Lord Hanuman, the monkey god and greatest devotee in Indian religion, thought and life beliefs, is the only blameless and true character in the Ramayana.
The story happened at a different time, a different yuga that was ruled by different value systems and social norms. To judge actions that took place then in a modern context is not practical or feasible. So let us enjoy the story for its different values, appreciate its poetry, characters, magical wonder and its timeless qualities. The story still enthrals and interests audiences!
Sadhguru: There is a beautiful story. The two wives of Vishnu, Laxmi, the goddess of fortune, and Alaxmi, the goddess of misfortune – both of them believed they were the most beautiful. So, on a certain day, they came and asked Vishnu, “Which one of us is the most beautiful?”
Vishnu said to Laxmi, “When you are coming, you are the most beautiful.” And he told Alaxmi, “When you are going, you are the most beautiful.”

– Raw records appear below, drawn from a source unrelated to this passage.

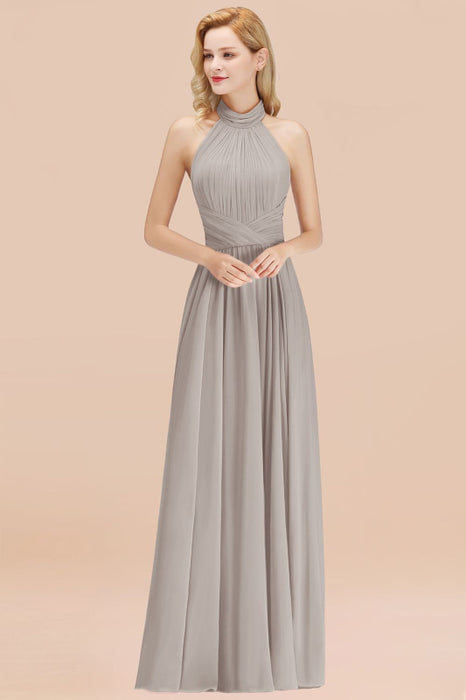 Bridelily Gorgeous High-Neck Halter Backless Bridesmaid Dress Dusty Rose Chiffon Maid of Honor Dress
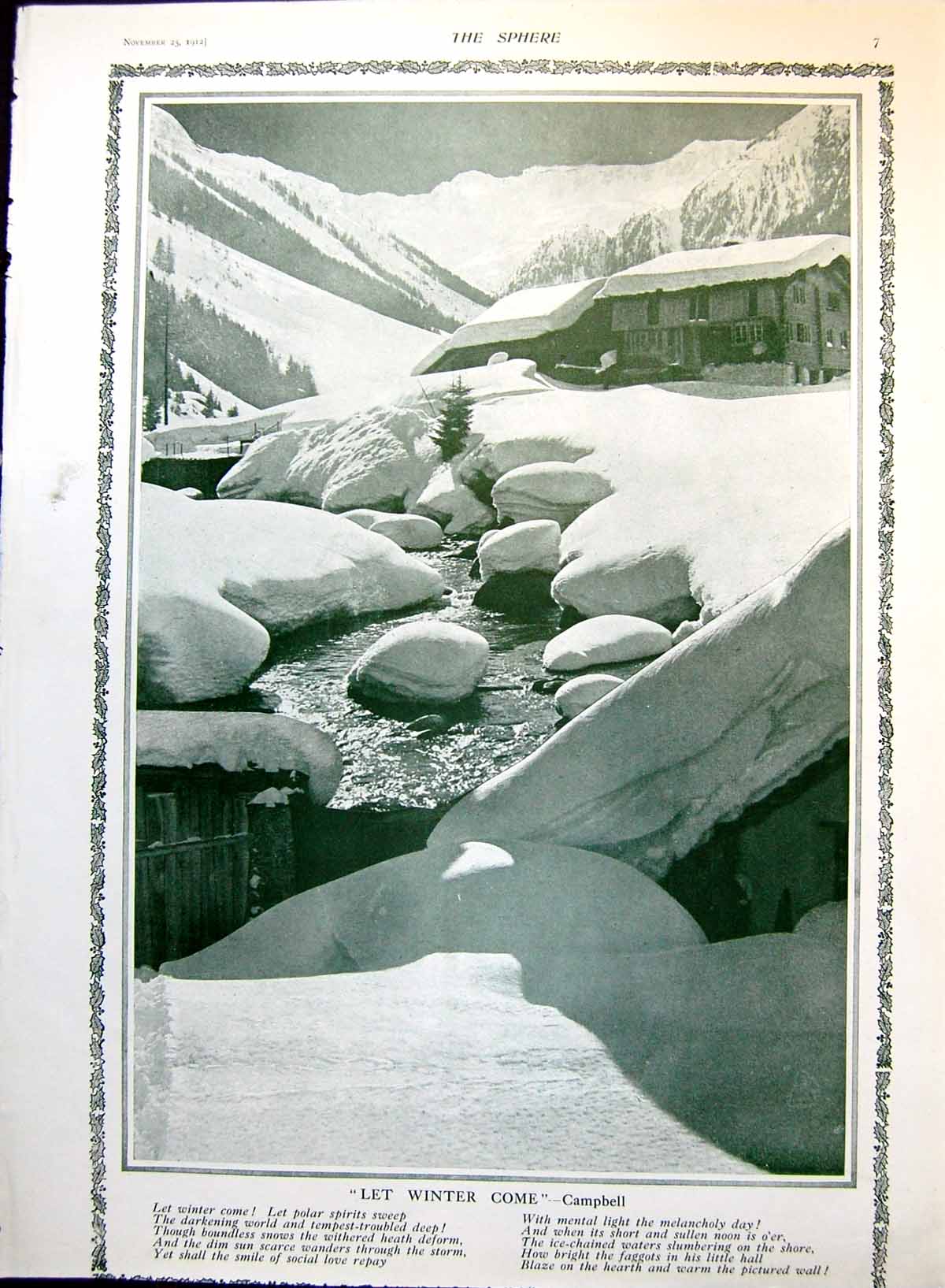 Old Print Let Winter Come Campbell Poem Mountains Chalet Snow River 1912 20th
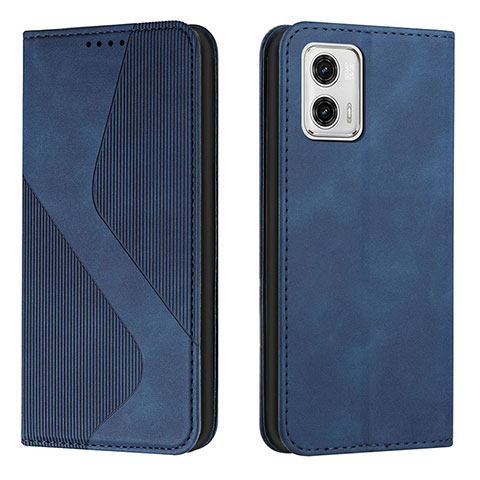 Coque Portefeuille Livre Cuir Etui Clapet H03X pour Motorola Moto G73 5G Bleu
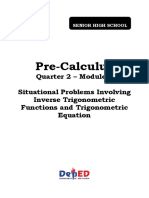 PRE CALCULUS Q2 WEEK 9 SITUATIONAL PROBLEM INVOLVING INVERSE TRIGO TRIGO EQUATION FOR REPRODUCTION Pages Deleted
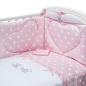 Set piumetto letto 3 pz. ric. Sfil. CUORI (piumetto imbottit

Fortune is coming, misfortune is going – aren’t they most beautiful?
That’s a smart answer, but what is the correct answer? Who is really beautiful?
It is not just about a woman’s beauty, about anything in the existence, there is no correct answer. There is only an appropriate answer. This is an appropriate answer. Life is not about correctness, life is about appropriateness. So then what is the correct thing to do? There is no correct thing to do. What is the appropriate thing to do is the question. Only then you will be able to receive life. If you do correct things, you will make an utter idiot of yourself. If one starts looking for correctness of life, you become barren and empty. Life is essentially in its appropriateness. If you are looking for correctness, you may become a good person.

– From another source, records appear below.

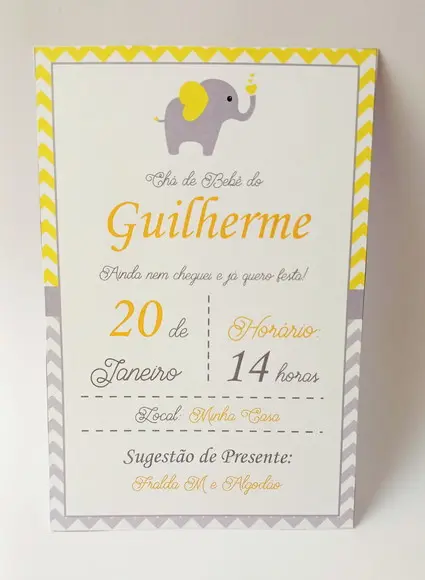 Convite Impresso Personalizado Chá de Bebê Elefantinho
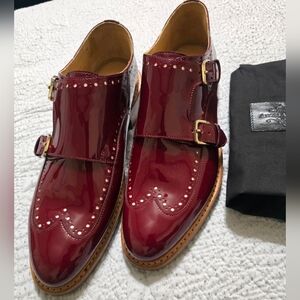 The Office of Angela Scott Patent Leather Lasercut Accents Monk Straps Sz 41 New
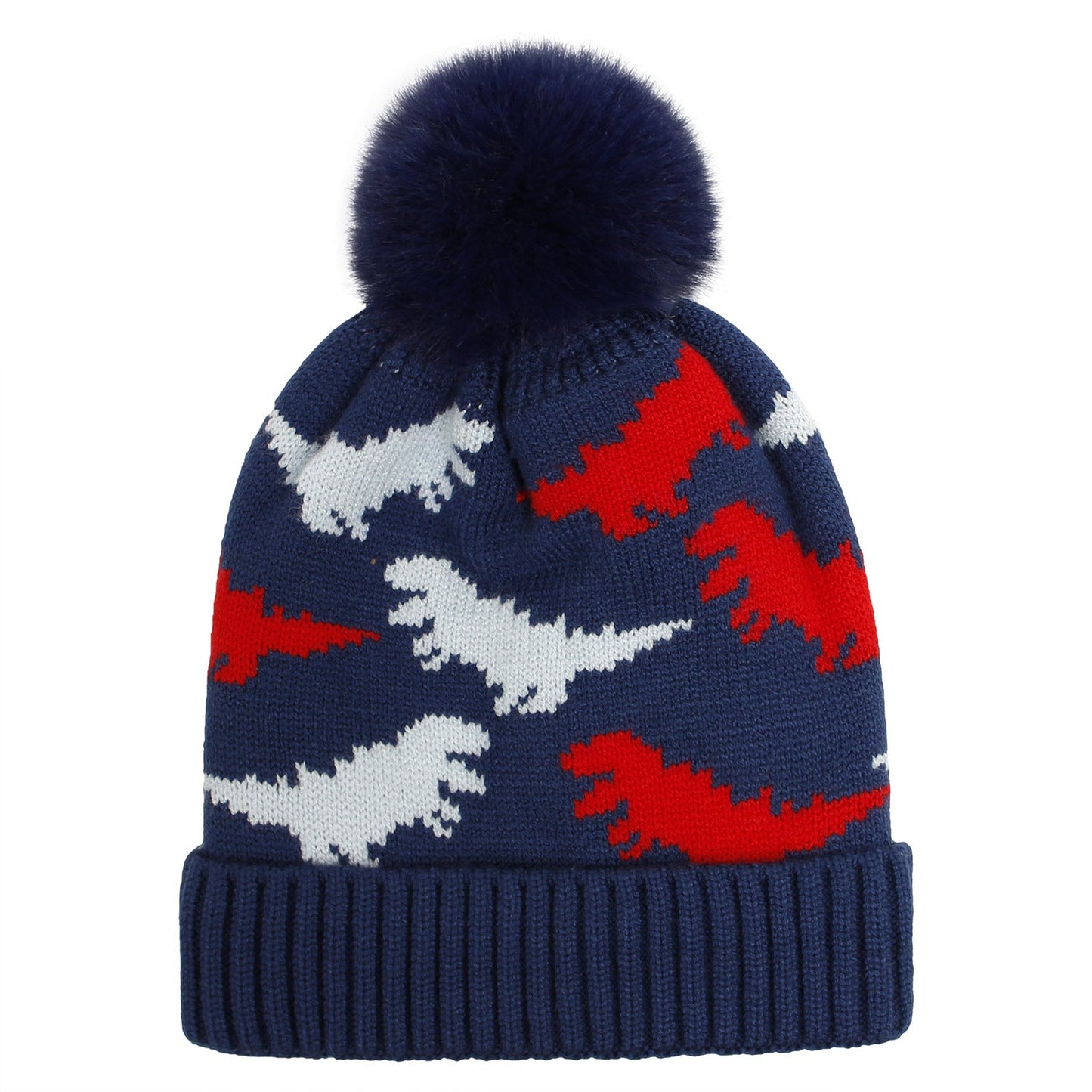 Wholesale Baby Knitted Hat Dinosaur Jacquard Acrylic Knitted Hat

If you bring your own silly sense of order to life, you will completely miss the magnificent order of the existence.
People who believe they are good have morals, values and ethics. They hang on to this right and wrong, this morality and value systems because they give them a false sense of superiority. People who believe they are good are always looking down at the world. It is a sure way to miss the world. Even the most beautiful woman will not look very beautiful when you look from the top. Because you are continuously looking down, everything looks ugly and black – unless they are bald and shiny. Good people are everywhere. They have their values, they have their principles, they are very ethical, but they could live here for years being completely untouched by what is happening here. It doesn’t matter what you do, they remain untouched in their goodness. They live with the hope that good people go to heaven.
All you are trying to do with your morality and values is to simplify life and find some order in a place where you are not able to figure out what is the beginning, what is the end. The life process seems to be so chaotic and unbearable for you that you are trying to bring some silly sense of order by establishing your own principles, your own morality, your own ethics. If you bring your own silly sense of order to life, you will completely miss the magnificent order of the existence. There is no need to be orderly. Existence is in perfect order.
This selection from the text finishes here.